Bodrug-Lungu founded and became President of Gender Centru, which is a non-governmental organisation that seeks to educate Moldovan society on gender issues. She is also the co-founder of the Platform for Gender Equality, Moldova. She is a member of Moldova's National Council for Participation.

UN Women credits Bodrug-Lungu with the establishment of gender education in Moldovan universities through her role in establishing a MA course which incorporates the topic. In the 1990s she also developed pre-university syllabi for schools focussing on „Educaţiei pentru viaţa de familie” (Education for family life). She is also associate professor in the Faculty of Psychology and Pedagogy at Moldova State University. She has published six monographs and over fifty articles on gender and the family in Moldova. Her work has also been cited as part of a group of scholarship that argues that gender identity is impacted by the school environment, as well as the family.

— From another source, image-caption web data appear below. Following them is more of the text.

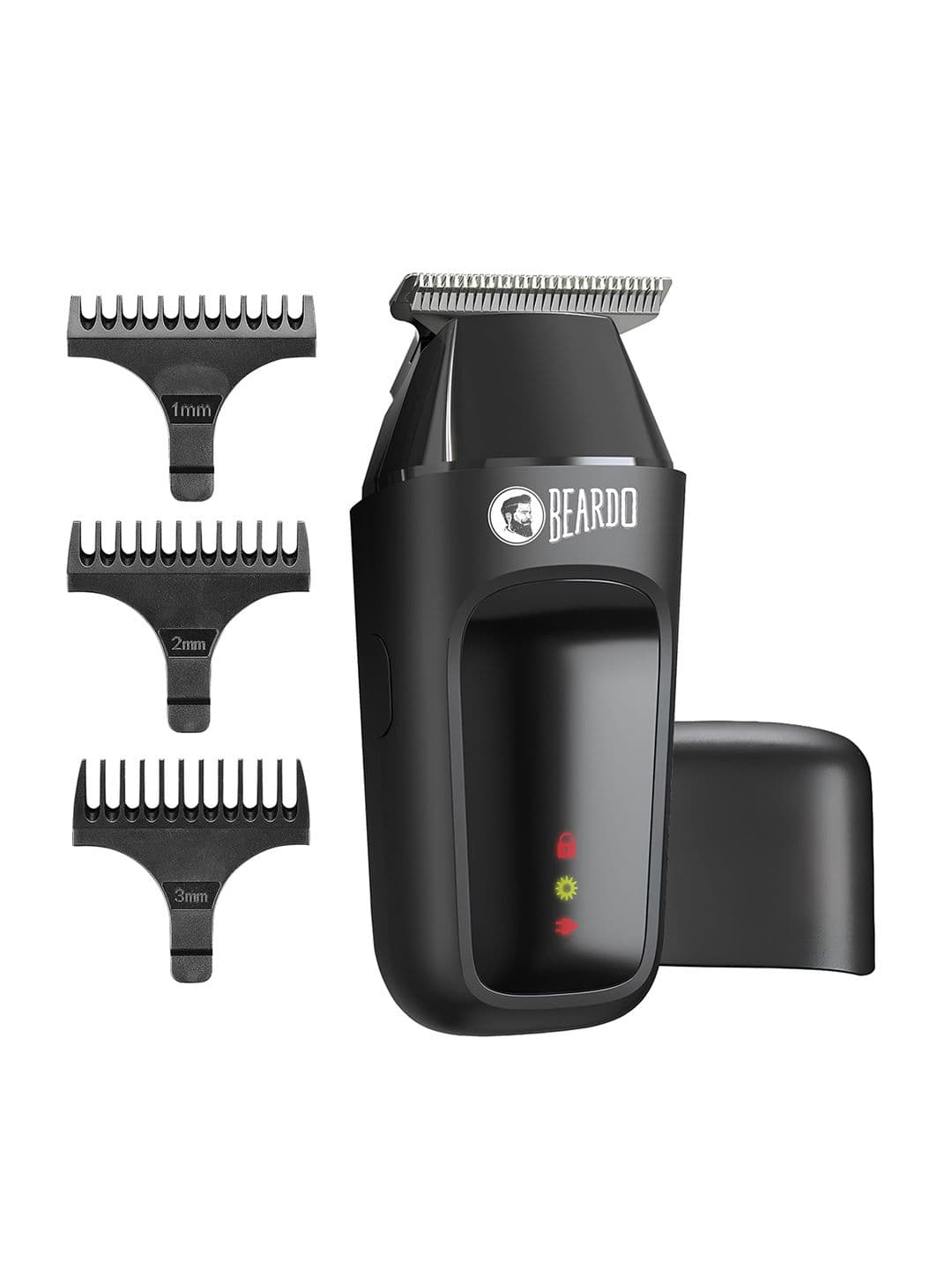 BEARDO ApeX Go Pocket Trimmer - Black - view 1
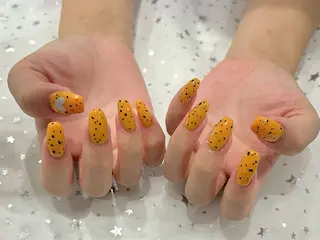 ネイル Nail salon Cielel⟡Ayaのネイルデザイン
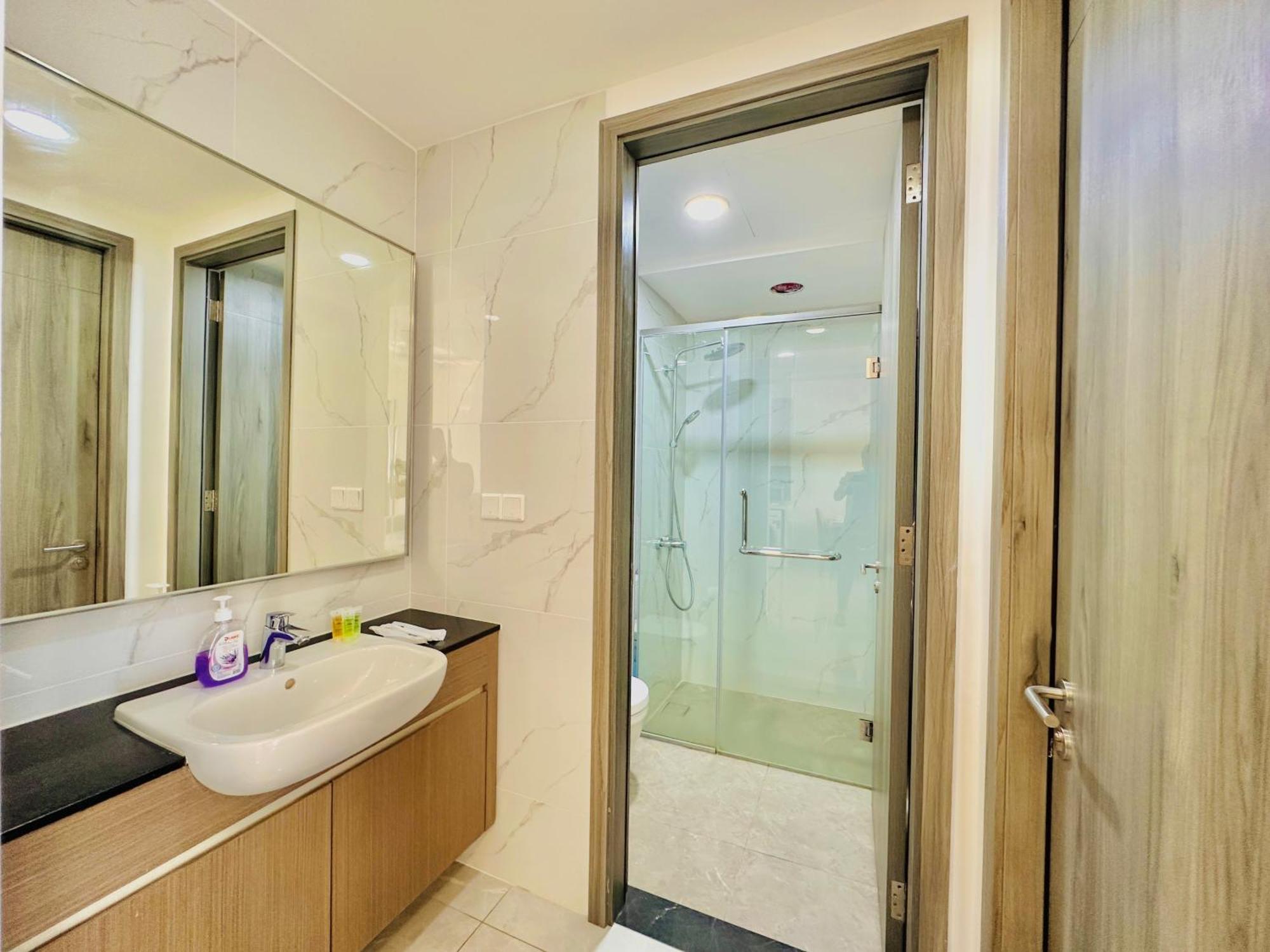 Agile Bukit Bintang Trx Apartment *
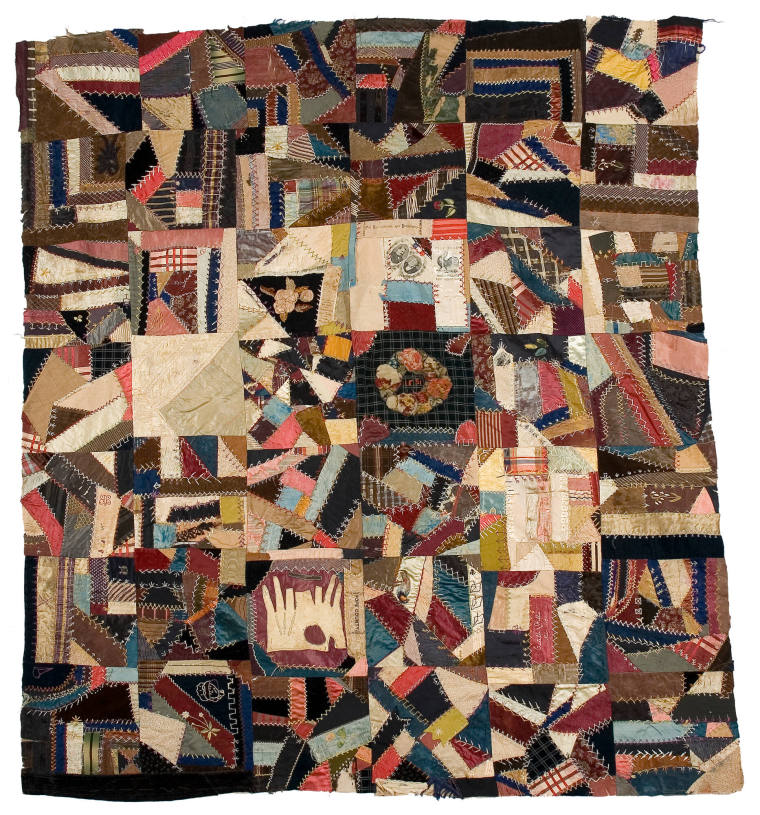 Crazy Quilt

From 2010 to 2015, Bodrug-Lungu participated in the development of Moldova's National Program for gender equality. When discussing the gender wage gap, Bodrug-Lungu has described how the country is caught between "patriarchy, traditionalism and modernism". She has also been outspoken on the need for young people to be educated about sexual harassment, as well as how the political climate in the country is not conducive to women's participation in politics - despite their female president, Maia Sandu. In 2012 she visited Austria at the invitation of Südwind Association to discuss the potential for closer relationships between the countries.

==Recognition==
In 2012 she was awarded the Moldovan Ordinul "Gloria Muncii" (Order of Work Glory).

== Selected works ==

- Bodrug-Lungu, Valentina. "Families in Moldova." Families in eastern Europe. Vol. 5. Emerald Group Publishing Limited, 2004. 173–186.
- Bodrug-Lungu, Valentina. "Gendering Higher Education Curricula at Moldova State University." UNESCO-CEPES (2011): 73.
- Bodrug-Lungu, Valentina, and Erin Kostina-Ritchey. "Demographic Trends and the Healthcare System in Moldova: Reforms and Challenges." Family and Health: Evolving Needs, Responsibilities, and Experiences. Vol. 8. Emerald Group Publishing Limited, 2014. 105–130.
- Ganea, Eugenia.; Bodrug-Lungu, Valentina. Addressing Inequality in Vocational/Technical Education by Eliminating Gender Bias. Romanian Journal for Multidimensional Education [s. l.], v. 10, n. 4, p. 136–155, 2018. DOI 10.18662/rrem/78.
- Bodrug-Lungu, Valentina, and Mihaela Robila. "Family policies in Moldova." Handbook of family policies across the globe (2014): 211–222.